At the suggestion of the video, I tried to find an output which I could input by surface into. I tried to create a panelling system with a square, which I made on grasshopper. It became a little too complex and I was unable to make panels on my lofted shape. Within a box I experimented in creating 3D cells. They were then taken out from the box and randomly deleted to play with different forms. This was done with the Voroni3D command which created the cells around a selection of points I created within the box. I proceeded to use a similar concept on a lofted form which I had created. This time using the Octree command, I placed points on my surface and boxes were created on it. This can be seen in the screen grab below.


A.2 :


This week’s tutorial video’s introduced us to creating surfaces from vectors and points and then meshing these surfaces.

This screengrab shows how to add together two different vectors to create one. Two different ways of doing this was explored in Grasshopper. While they achieve the same result, one uses less plug-ins.

This second screengrab indicates how I came to create a rectangle from a plane in grasshopper. This allowed me to have a fully static and changeable rectangle to work with.

In the last technical video, I used the technique of creating surfaces on grasshopper, between points in rhino, to make a 3 dimensional hexagon. I then baked this out.

By linking in a lofted surface to Grasshopper, and using the Mesh Brep command, I was able to create a paneled surface for my loft and also my 3D box. After baking this out I could potentially lay this out and have it laser cut, just like we did for virtual environments.


The other video’s introduced transforming curves into other objects. I was able to create this arched surface, which I then baked out to use in Rhino, from two curves.
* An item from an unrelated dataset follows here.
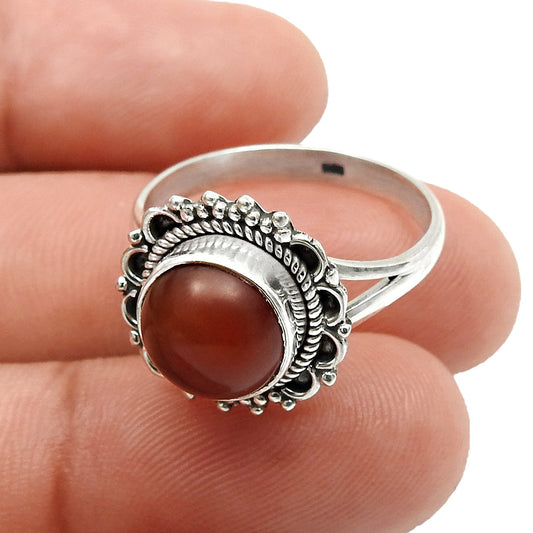 Gift For Her Carnelian 925 Sterling Silver Chunky Hippie Ring Jewelry K56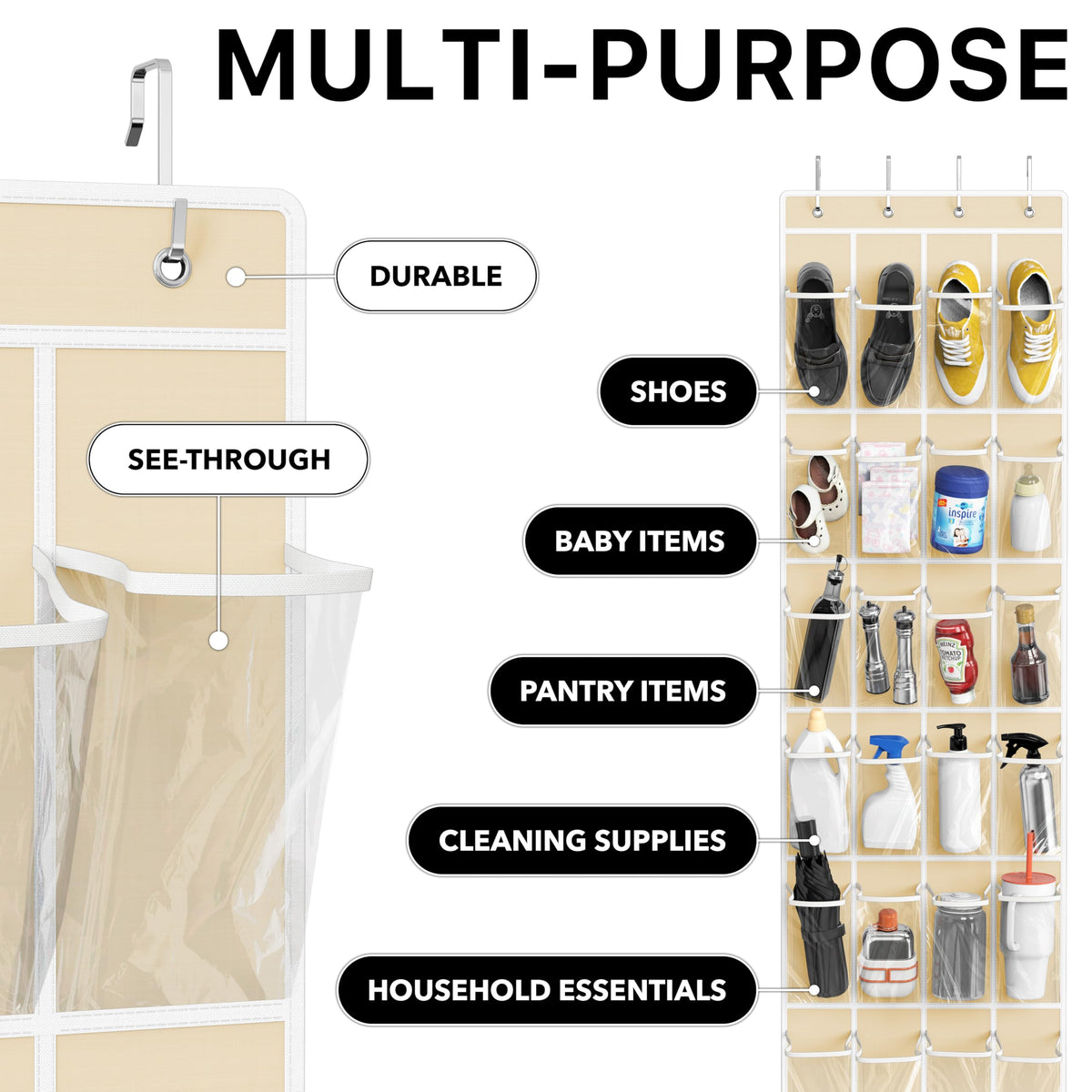 Simple Houseware 24 Pockets Clear Over the Door Shoe Organizer, Pink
I learnt how to create a plane on an individual curve, and then create a shape within that plane which can move along the curve. This could allow me to create multiple ribs around a curve, allowing me to create a specific path for the ribs to follow.

I explored, through creating a set of closed oval curves, creating frames through the offset plugin. This was an interesting concept which could help me in creating a sculptural design for my project

One of the video’s had us creating a shape which we would contour under. This allowed us to form panels which could potentially be laser cut. We were also taught how to use grasshopper to lay the panels out. Even though I copied exactly what the video said, I was not able to make the panels. All of the panels were pasted on top of one another, even though I tried to separate them. I was not successful with using the orient command.


I also had issues with using the planar command to create a flat plane at the center of an object. For some reason my planes were massive in comparison to the ones in the video. I could not avaerage them out to find the central point. I was interested in learning about notching from creating a circle on a plane between two surfaces. This would be extremely helpful for manufacturing purposes.

offsetting the angle

Creating different parts to the circle

Creating a notch for the material to fit into. Obviously the notch has been exaggerated here

Ofsetting the line

Conturing a surface

By creating a Brep component out of subtracting different extruded shapes from my square (the Boolean subtract command in Rhino) I was able to use what I learnt in the driftwood 8

The contouring was placed against an offsetted surface to create contour lines.